However, if we accept that, we are denying what many people (in academia and elsewhere) equate with the theory of biological evolution: a naturalistic worldview. We should have no problem with the idea that all life on earth is related, but we should have a problem with the idea that, since we descended from an ape-like ancestor that also gave rise to chimpanzees (in common vernacular: we came from monkeys), we do not have inherent moral value. Or that we have the same moral value as chimpanzees. Or that we are different in degree only, not in kind. Folks, we were made in the image of God! Tarnished now, but that is true for no other creature (including the angels). And none other has the chance for redemption that we do.

What's more, as Christians we are in a unique position. We can affirm evolution, but we deny the naturalistic worldview. However, the proponent of naturalism (i.e., the atheist) must affirm evolution, because he/she denies the theistic worldview. (I hope I am not simplifying too much here, but I feel I am more or less correct.) And thus, the veracity of biological evolution carries too much weight; the atheist's worldview depends on it. And perhaps this is why evolution is considered sacred to biologists (as I mentioned in an earlier post).

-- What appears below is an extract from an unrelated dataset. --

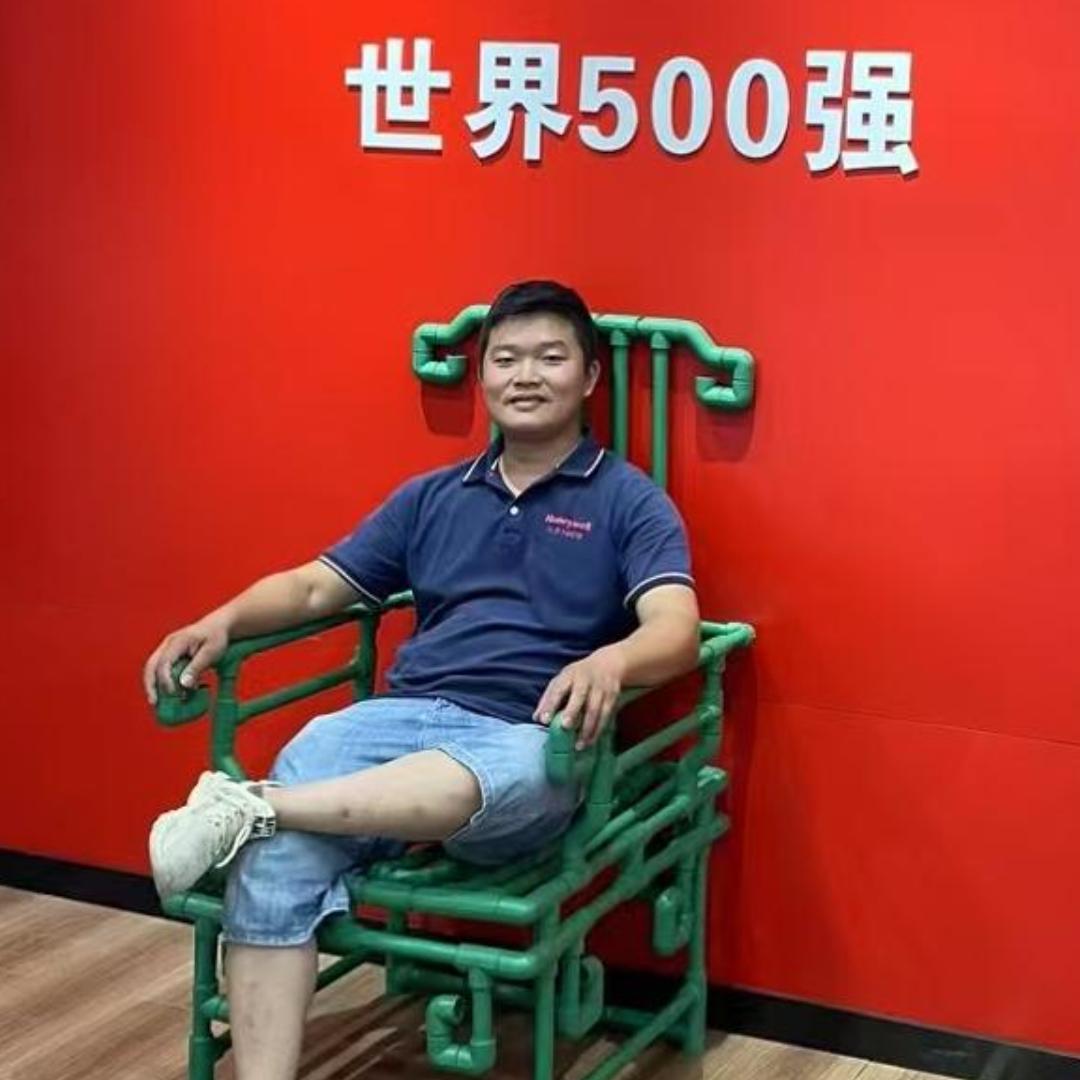 大罗（水管家）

I understand that most biologists would say that evolution has such high regard in biology because the entire field hinges upon it; it is the foundation for all biological research. I say hogwash to that. The field only hinges upon it if you have a naturalistic worldview.

Anyway, back to my main point. The naturalist's worldview hinges on the veracity of evolution. In contrast, the Christian worldview hinges on the veracity of the resurrection, and not on any "intelligent design" argument. We can go into the evidence for the resurrection later, but my point is that as Christians and as scientists (ok, some of us are scientists), we can take or leave biological evolution.

And so my question is: are we bold enough to test it?

Thursday, November 19, 2009

Theistic evolution and intelligent design (part 4): "Will you marry me?"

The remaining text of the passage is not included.